How to conduct cohort analysis
Now that you know what to track, let’s talk about how to conduct cohort analysis. Here are the basic steps:
- Identify your cohorts: Decide which groups of customers you want to analyze. This could be based on a variety of factors, such as the month of their first purchase or the channel through which they were acquired.
- Gather your data: Collect data on your chosen cohorts, including metrics such as retention rate, AOV, CLR, and CAR.
- Visualize your data: Use a chart or graph to visualize your data over time. This will help you identify trends and patterns in customer behavior.
- Analyze your data: Look for insights in your data that can help you make informed decisions about your business. For example, you might notice that customers who were acquired through social media have a higher AOV than customers who were acquired through email marketing.
- Take action: Use your insights to make changes to your marketing and sales strategies. For example, you might decide to invest more in social media marketing to acquire more high-value customers.
Using Radix for cohort analysis
While conducting cohort analysis manually is possible, it can be time-consuming and error-prone. That’s where tools like Radix come in. Radix is a powerful platform that automates the process of cohort analysis, making it faster and more accurate.
With Radix, you can easily track metrics such as retention rate, AOV, CLR, and CAR for different cohorts. The platform automatically generates charts and graphs that visualize your data, making it easy to spot trends and patterns.

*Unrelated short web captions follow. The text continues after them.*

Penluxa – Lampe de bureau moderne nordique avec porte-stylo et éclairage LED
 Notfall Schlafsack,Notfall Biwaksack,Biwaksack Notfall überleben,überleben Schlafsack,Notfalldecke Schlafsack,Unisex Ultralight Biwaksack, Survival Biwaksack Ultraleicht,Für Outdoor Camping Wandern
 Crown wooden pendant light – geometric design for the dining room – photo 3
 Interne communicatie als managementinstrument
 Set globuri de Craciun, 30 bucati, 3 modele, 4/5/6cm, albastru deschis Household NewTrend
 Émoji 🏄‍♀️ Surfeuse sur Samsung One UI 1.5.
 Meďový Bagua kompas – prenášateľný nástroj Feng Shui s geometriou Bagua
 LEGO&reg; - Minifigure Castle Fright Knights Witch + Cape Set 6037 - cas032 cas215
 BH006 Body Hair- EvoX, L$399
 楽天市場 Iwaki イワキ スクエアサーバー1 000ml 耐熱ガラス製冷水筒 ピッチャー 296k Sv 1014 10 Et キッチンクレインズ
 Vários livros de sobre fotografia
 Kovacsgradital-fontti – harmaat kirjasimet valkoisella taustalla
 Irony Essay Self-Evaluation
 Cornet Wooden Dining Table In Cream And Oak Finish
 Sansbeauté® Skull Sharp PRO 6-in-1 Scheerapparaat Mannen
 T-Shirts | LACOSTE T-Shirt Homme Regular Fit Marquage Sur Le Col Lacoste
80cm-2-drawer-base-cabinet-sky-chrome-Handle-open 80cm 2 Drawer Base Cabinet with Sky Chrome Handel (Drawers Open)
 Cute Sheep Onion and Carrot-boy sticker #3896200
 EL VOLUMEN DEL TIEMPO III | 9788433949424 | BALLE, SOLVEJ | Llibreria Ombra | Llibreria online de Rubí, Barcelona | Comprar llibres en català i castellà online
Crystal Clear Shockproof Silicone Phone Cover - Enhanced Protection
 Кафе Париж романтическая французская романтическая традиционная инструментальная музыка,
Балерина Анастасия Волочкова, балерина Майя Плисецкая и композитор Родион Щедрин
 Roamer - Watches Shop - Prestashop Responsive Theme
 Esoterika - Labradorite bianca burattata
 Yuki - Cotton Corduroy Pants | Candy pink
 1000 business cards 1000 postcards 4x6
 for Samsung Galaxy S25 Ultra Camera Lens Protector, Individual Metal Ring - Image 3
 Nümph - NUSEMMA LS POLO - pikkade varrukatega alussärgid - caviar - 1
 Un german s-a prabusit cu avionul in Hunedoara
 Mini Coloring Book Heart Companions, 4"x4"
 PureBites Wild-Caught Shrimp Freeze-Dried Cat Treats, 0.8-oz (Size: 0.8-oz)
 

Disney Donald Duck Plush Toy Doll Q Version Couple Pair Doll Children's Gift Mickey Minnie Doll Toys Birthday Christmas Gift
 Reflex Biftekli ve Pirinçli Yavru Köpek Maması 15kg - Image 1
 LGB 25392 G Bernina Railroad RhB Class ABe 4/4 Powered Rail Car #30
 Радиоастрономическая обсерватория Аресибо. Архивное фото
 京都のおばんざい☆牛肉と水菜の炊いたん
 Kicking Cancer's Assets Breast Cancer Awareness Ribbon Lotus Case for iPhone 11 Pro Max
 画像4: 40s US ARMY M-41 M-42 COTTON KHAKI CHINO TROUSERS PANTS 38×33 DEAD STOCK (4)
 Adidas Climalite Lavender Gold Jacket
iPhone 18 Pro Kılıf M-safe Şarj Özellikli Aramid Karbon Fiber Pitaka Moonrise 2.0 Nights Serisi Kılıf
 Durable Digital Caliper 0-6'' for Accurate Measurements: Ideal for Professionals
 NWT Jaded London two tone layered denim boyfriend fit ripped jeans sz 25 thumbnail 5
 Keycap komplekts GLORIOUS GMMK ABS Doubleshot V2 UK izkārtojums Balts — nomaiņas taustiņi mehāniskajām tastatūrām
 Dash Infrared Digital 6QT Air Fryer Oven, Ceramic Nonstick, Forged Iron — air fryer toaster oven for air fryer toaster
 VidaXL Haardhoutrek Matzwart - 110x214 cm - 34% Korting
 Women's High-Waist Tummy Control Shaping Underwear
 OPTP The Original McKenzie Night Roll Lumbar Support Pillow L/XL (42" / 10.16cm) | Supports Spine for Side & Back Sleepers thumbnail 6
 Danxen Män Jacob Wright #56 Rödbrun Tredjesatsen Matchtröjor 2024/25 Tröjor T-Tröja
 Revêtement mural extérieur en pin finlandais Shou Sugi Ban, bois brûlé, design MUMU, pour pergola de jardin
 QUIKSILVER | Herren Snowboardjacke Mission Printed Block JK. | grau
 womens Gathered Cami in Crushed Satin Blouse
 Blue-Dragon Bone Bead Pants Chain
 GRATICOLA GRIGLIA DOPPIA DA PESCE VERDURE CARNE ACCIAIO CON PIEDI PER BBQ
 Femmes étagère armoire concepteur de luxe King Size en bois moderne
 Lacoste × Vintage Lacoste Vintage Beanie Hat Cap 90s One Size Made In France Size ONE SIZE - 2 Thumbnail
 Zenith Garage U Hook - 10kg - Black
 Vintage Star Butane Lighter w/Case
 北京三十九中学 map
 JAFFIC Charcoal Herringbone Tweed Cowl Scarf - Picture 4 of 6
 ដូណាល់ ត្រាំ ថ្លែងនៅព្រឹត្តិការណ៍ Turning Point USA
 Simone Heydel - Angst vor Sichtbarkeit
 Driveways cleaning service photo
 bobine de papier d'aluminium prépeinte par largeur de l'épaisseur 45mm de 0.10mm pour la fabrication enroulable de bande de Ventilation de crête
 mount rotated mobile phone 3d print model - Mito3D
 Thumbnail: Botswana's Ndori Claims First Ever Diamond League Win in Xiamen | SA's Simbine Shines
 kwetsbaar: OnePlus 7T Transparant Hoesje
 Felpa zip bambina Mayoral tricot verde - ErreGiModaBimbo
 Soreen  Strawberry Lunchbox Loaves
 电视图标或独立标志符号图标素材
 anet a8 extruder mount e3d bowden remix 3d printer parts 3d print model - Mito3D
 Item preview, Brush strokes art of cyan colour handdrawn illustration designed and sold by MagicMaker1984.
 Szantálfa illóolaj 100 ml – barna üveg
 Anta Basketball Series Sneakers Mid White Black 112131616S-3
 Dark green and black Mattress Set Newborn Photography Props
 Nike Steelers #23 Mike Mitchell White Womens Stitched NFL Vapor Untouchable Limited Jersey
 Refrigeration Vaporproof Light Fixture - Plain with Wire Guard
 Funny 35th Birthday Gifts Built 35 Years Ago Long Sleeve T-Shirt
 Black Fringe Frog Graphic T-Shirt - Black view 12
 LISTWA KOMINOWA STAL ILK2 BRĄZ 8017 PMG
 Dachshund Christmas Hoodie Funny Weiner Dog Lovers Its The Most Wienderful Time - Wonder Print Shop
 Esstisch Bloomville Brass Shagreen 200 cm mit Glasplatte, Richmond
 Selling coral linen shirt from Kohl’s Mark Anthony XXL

But perhaps the most powerful feature of Radix is its ability to generate insights automatically. The platform uses machine learning algorithms to identify insights in your data, such as which cohorts are the most valuable and which ones are at risk of churning.
By using Radix for cohort analysis, you can save time and make more informed decisions about your business. The platform’s automated insights can help you identify opportunities to increase revenue and reduce customer churn, boosting your overall KPIs.
While LTV:CAC can be a useful metric in some situations, it’s not always accurate. By conducting cohort analysis instead, you can get a more complete picture of how different groups of customers behave over time. By tracking metrics such as retention rate, AOV, CLR, and CAR for different cohorts, you can identify trends and patterns that can help you make more informed decisions about your business.
To make cohort analysis easier and more accurate, consider using a tool like Radix. With Radix, you can automate the process of cohort analysis and generate insights automatically, saving time and boosting your overall KPIs. So if you’re looking to improve your business’s performance, start tracking the right metrics with cohort analysis and Radix.